Start out with a design in mind. My girlfriend was kind enough to draw this for me. Quite talented if you ask me! (points scored :) ) I copied her picture so that I didn’t mess it up, then printed it out to the final size.
At this point, it is time to get comfortable…. Grab all the essentials for the job. fine point pencil, the picture, a sharp razor blade, a little tape and a nice tall glass of Sweet tea (southern style or bust! another one of my girlfriend’s talents)
I like to tape the picture directly to the piece of wood. Piece by piece I cut out a little bit on the line and trace that edge with a pencil. If you have a bigger burning it would be a good idea to borrow a slide projector and a clear piece of paper to project onto the wood and just trace the lines that way.
You can see that is is just a little bit of patience and a lot of relaxation!
Notice that I am cutting the line out on its edge. That way, when I trace the void, the pencil mark will be exactly where it is supposed to be and not bumped off to the side.
When you cut, its a good idea to put a finger close to where you are cutting in order to hold the paper down. If you don’t you will encounter some paper ripping instead of slicing. Just be careful to place your finger in a location that is safely away from the blades edge.
Also, cut towards the edge with your blade. if you don’t then the paper tends to buckle before it cuts. Here is what happens if you don’t do that. Not a big deal if you can figure what the line is, but too bad and you might have some trouble.
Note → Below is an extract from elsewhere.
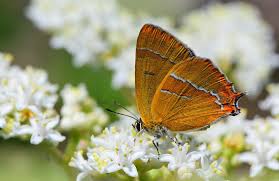 Attēlu rezultāti vaicājumam “Thecla betulae female”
Trace the line. Self explanatory.
Now, I’m not gonna tell you how to wood burn. I was never taught how and I think I liked learning by trial and error. Just get some scrap wood and practice a small design. Once you get better you can start adding curves and shading. Just don’t touch the hot end!!!!!!
Now that I burned the lines of the grapes (with her help) it is time to start adding some shading. I think we could have ended here but I wanted more detail.
She looked at the original design and colored in the shading with a pencil. When you copy a picture it is difficult to get the shading to copy correctly. The design may have changed slightly too so it was a good idea just to transfer the shading by eye.
Isn’t she beautiful?!
And very carefully executing the shading…
Just in the middle of shading so it looks a little rough. It’s good to just do a little at a time and then go back over the whole thing because if you shade too much in one area you don’t want to have to do it over the whole area.
BURNING DONE….. INLAY START…..
I was by myself when I did this so there won’t be quite as many pictures as there was for the wood burning. Sorry.
I’m not sure what the purpose of this picture is. I am obviously pointing at the area I’ve cut out but I think I was just showing off my cut. Not even sure how I did that.
Brittany drew a flower to go with the grape vine (not really a grape flower.. shhh don’t tell!). I taped it to a piece of yellow heart that was about 3/8” thick. I cut it out the pedals individually on the scroll saw so that the pedals had the grain moving away from the center of the flower.
Once I did that, I held each pedal down in its final location and traced it. You can trace it with a knife, but I had a hard time holding the pedal and tracing it with a knife so I just used a pencil. Once you have the lines drawn, just slightly scrape the wood with a sharp knife. Make sure that you are on the inside of the pencil marks!
I have a dremel tool with a router base that I hogged the material out with so it is a good idea sever the top fibers of the wood. When you get close to the sliced line you will see the wood fray upward in a type of curly motion. When you get right to the line that fray will immediately disappear. (Marc Spagnuolo has a great blog on this with a sun inlay.)
In areas that were too tight for my dremel I used the smallest chisel I could (which happened to be a #2 3mm Phiel spoon gouge.)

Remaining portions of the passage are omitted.